Space rockets use thrust in order to get them up into space. Thrust is the sudden, propulsive force of a jet engine, and is based on Newton’s third law. In the rocket, thrust is created from the solid rocket boosters and the main engines. The solid rocket boosters and the external fuel tank are eventually dropped from the rocket in order to reduce mass once in space. The rocket is slowed down a little because of the force due to gravity and the drag force when in the Earth’s atmosphere. NASA has been working on a new way to launch rockets into space: the EmDrive. It is an electromagnetic propulsion drive that generates thrust by bouncing microwaves in a closed container. According to physics, this would be impossible because of the conservation of momentum and that every action has an equal and opposite reaction. However, a group in NASA has been able to generate thrust from the EmDrive in a vacuum. The power of the EmDrive allows spaceships to travel much faster, allowing humans to explore more of space than ever before. If the EmDrive does end up working, the great space exploration could be back on! So for now, we wait.

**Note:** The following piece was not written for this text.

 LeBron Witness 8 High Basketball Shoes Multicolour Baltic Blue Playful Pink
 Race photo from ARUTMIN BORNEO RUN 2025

If you live in a house like mine, blowing fuses and circuit breakers is a common occurrence because of all the things we have plugged in at once. A fuse is a small, thin conductor that is designed to separate whenever there is excessive current flowing through the circuit. Fuses are connected in series so that when the fuse blows it will stop current flow throughout the entire circuit. If fuses were connected in parallel, they would not affect the current through any of the other branches. Although fuses are designed to stop all the current flowing through the circuit, sometimes if the voltage is high enough and the fuse isn’t long enough a spark can jump from one end of the wire to the other, allowing some current through and completing the circuit once again (which would not be good at all). Once a fuse is blown, it needs to be discarded and replaced with a new one. A circuit breaker is a switch that automatically opens to interrupt the current flowing through the circuit. When the circuit breaker is on, it allows the current to pass through the circuit. However, when the current becomes too excessive, a strong magnetic force flips the metal lever within the circuit breaker and stops the current from flowing. Unlike fuses, when a circuit breaker is tripped, it can simply be turned back on from the breaker box allowing the circuit to reconnect.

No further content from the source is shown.